Ici, on retrouve un village bien moins à l'écart, puisque nous sommes à nouveau sur le tour touristique des Annapurnas.Pour dire, il y a même la poste et son préposé au blouson de cuir, installé dans une sorte de grenier, sur sa chaise et sa table d'écolier.Pour les trouver rien de plus simple, il suffit de dénicher, dans l'une de ces étroites ruelles aux sol de glace, la boite à lettre, certes pas des plus voyantes ni très moderne ! et il y a aussi deux cinémas ! devinez un peu quel est l'un des films à l'affiche..." Sept ans au Tibet "...!!! si, si c'est la vérité.

"Hatons nous lentement"

Jeudi 17 novembre
A minuit, encore mal au ventre. A croire que Gil a avalé des ballons.

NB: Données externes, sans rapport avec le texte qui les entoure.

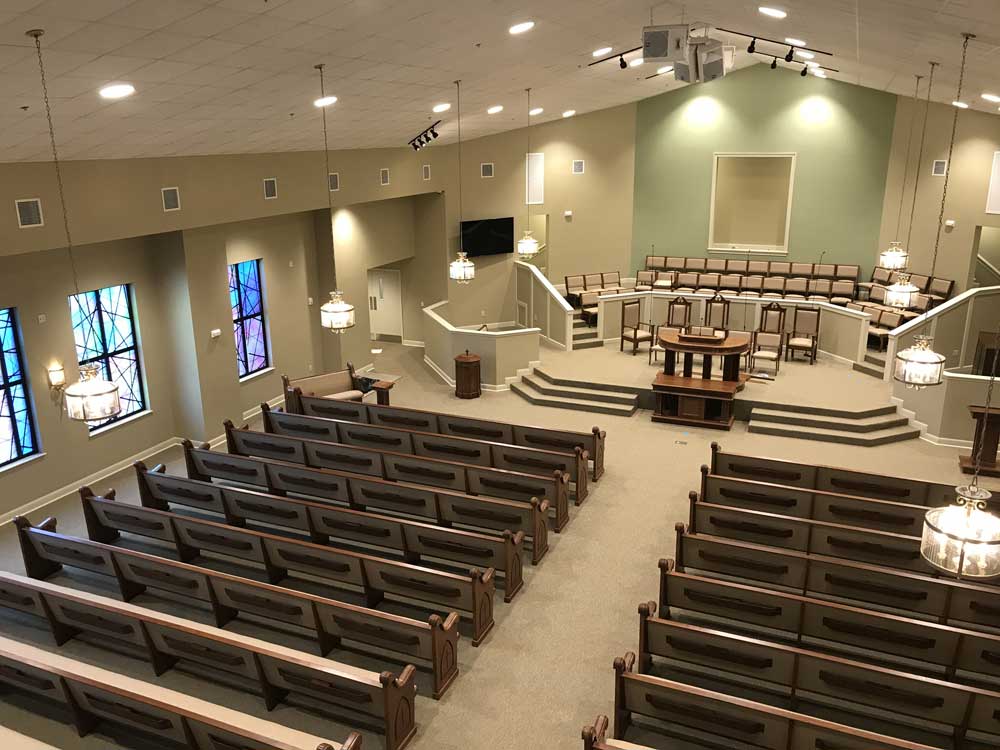 Church Street Cumberland Presbyterian Fite Building Company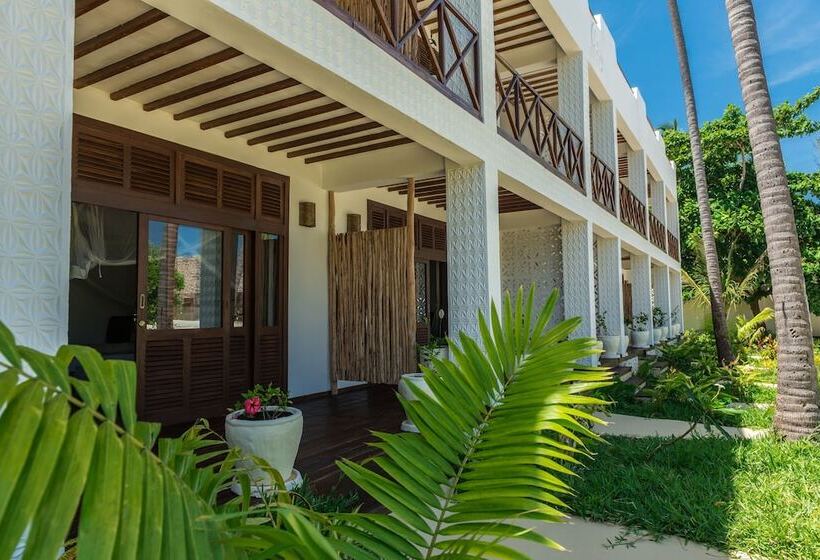 آپارتمان 1 خوابه با چشم‌انداز باغ, Zanzibar Magic Boutique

Grosse interrogation, comment arriver à Darapani (1950 m) lors de cette très longue et avant dernière étape de 55 km dans cet état là ? Voilà quelques jours, il avait trouvé sympa de monter sur l'un de ces petits chevaux népalais après avoir fait ses premiers pas équestres en Corse, sur le dos de Faouna, la jument de Jean.A peine formulé, Voilà donc son souhait exaucé.Tanka, le directeur de course, lui trouve une monture accompagné de son guide d'une quinzaine d'années.Il me semble que cette scène ne m'est pas complètement inconnue...une bande déssinée...ah oui ça y est, Tintin au Tibet ! Mais où est passé le Capitaine Haddock ?

"Ne pas rester sur les rives de la souffrance"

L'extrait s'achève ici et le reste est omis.